A licitação para o Veículo Leve sobre Trilhos (VLT), obra faraônica a ser implantada no Eixo Anhanguera, mal começou a viagem, mas já caminha para o anúncio do vencedor: o consórcio composto pela Rede Metropolitana de Transportes Coletivos da Grande Goiânia e por uma das maiores empreiteiras do País, a Odebrecht. O consórcio foi o responsável pela elaboração do projeto básico para a implantação da obra e deve disputar a licitação, marcada para daqui a menos de um mês, no dia 2 de agosto. Orçado em R$ 1,3 bilhão, o projeto já foi colocado na lista de prioridade de órgãos fiscalizadores que prometem acompanhar as obras com uma lupa.

O consórcio foi o único a aderir ao Procedimento de Manifestação de Interesse (PMI), quando o governo contratou a elaboração dos estudos funcionais e básicos. Os trabalhos, concluídos em 2011, foram avaliados em R$ 8,8 milhões. A Lei de Licitações (nº 8.666/93) é clara ao vetar a participação do autor do projeto básico na licitação e na execução da obra. Porém, como a modalidade de concessão do VLT é baseada na Parceria Público-Privada, ninguém ficará surpreso se o consórcio ganhar o certame.

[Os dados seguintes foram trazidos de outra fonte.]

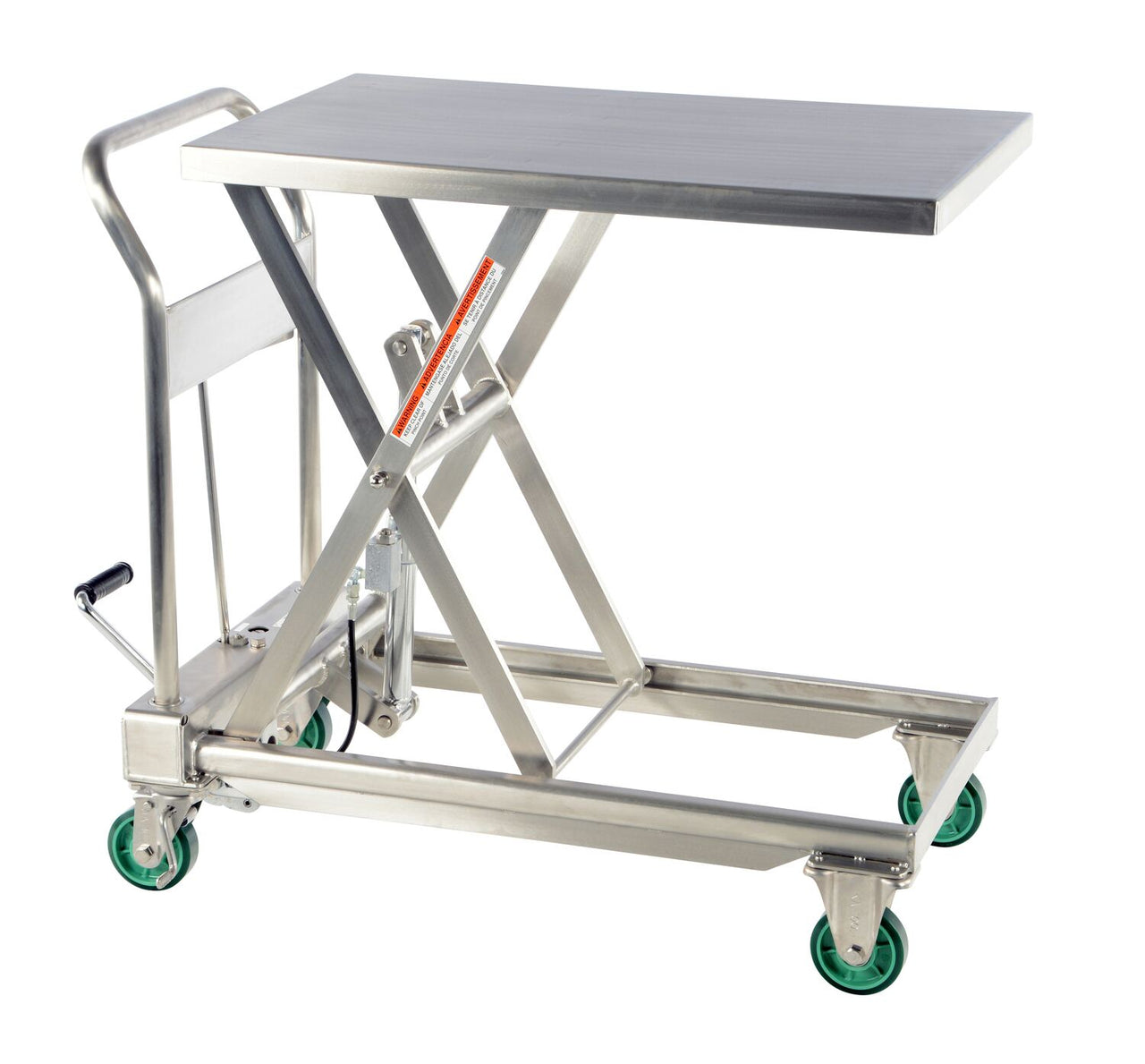 Stainless Steel Hydraulic Cart 19-1/2 In. x 31-1/2 In. 550 Lb. Capacity Silver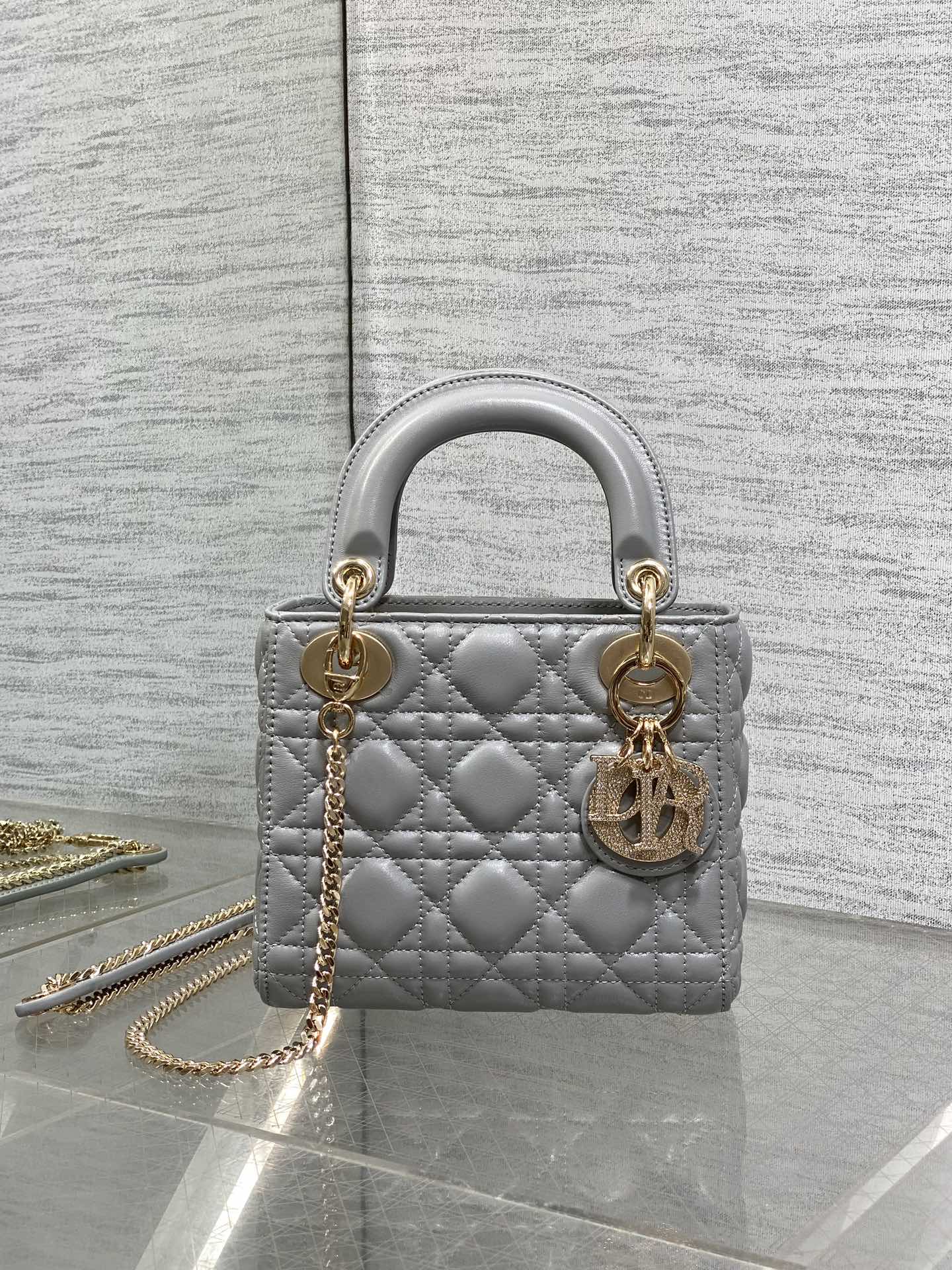 DIOR 25S MINI LADY  BAG 17 IN DARK GRAY CALFSKIN CHARM CRYSTAL EMBELLISHMENTS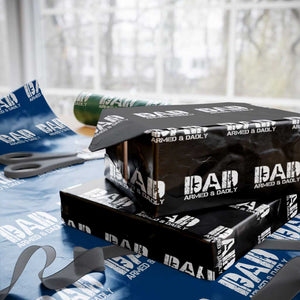 Armed And Dadly Dad Wrapping Paper Roll Fathers Day Pro Gun Owner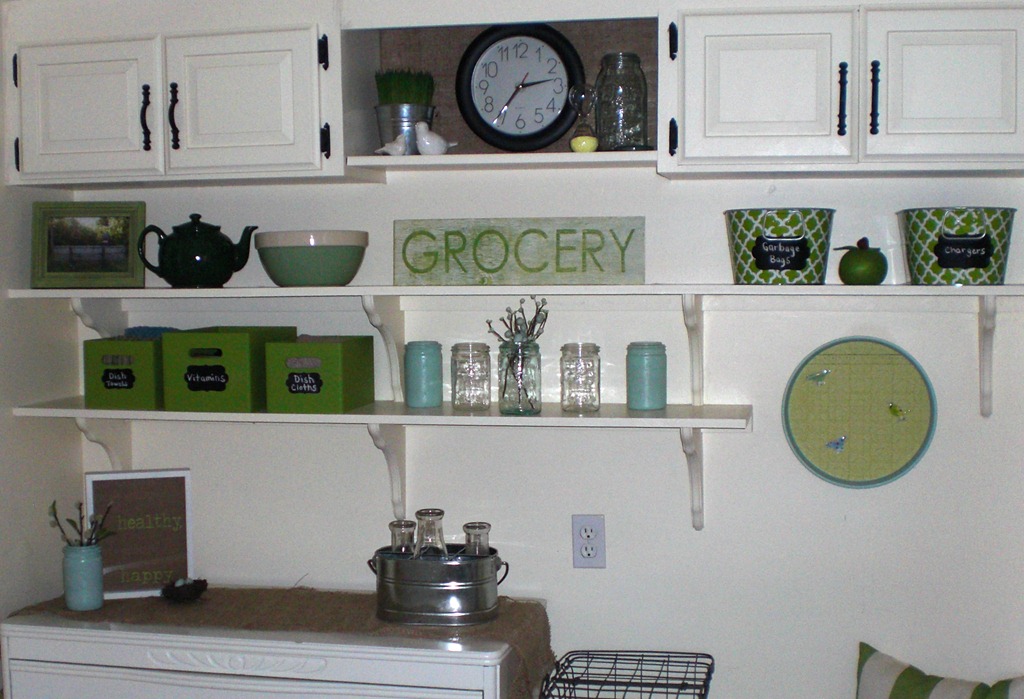 open kitchen shelving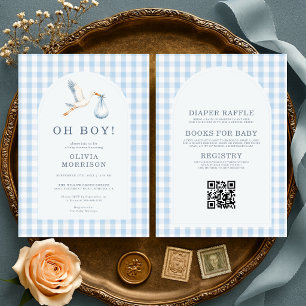Invitación Todo en Uno Oh Chico Cigüeña Cuadros Baby Shower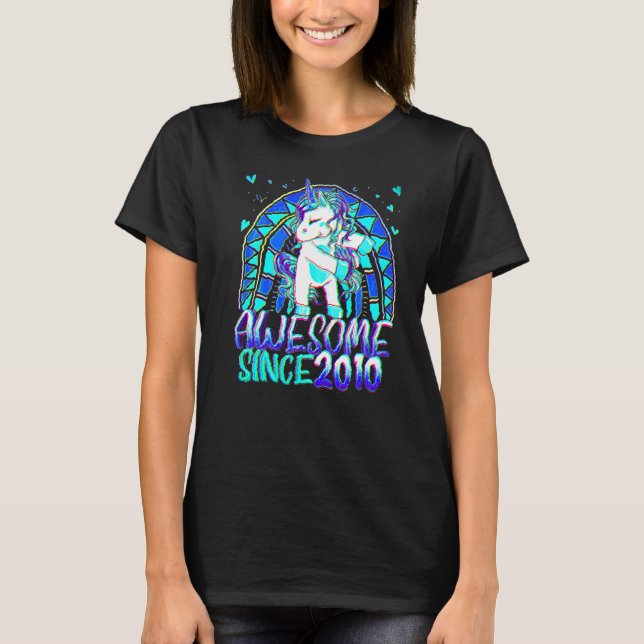 12th Birthday Rainbow 12 Year Old Flossing Unicorn T-Shirt (Front)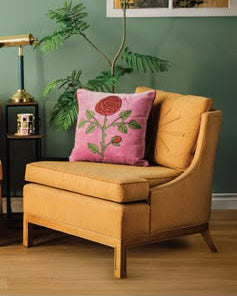 Rose Briar Embroidered Throw Pillow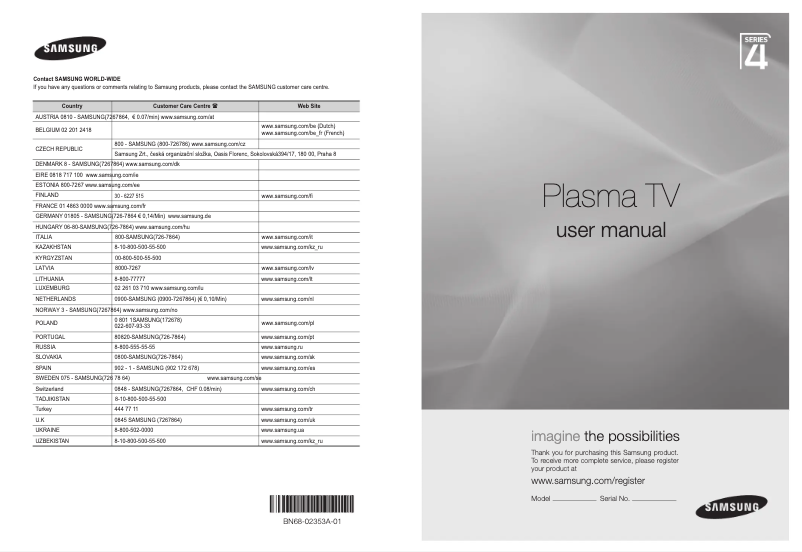 Page n°1 - Manuel utilisateur Samsung PS42B430P2W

A Lei da PPP, ao contrário da Lei de Licitações, permite a participação do autor do projeto básico na disputa da licitação. Portanto, tudo leva a crer que o VLT se tornará um novo Maracanã, alvo de polêmicas, liminares e protestos. O questionamento do Ministério Público do Rio de Janeiro foi exatamente o fato de haver indício de favorecimento na licitação do estádio, uma vez que a IMX, do empresário Eike Batista, produziu o estudo de viabilidade e também integrou o consórcio vencedor.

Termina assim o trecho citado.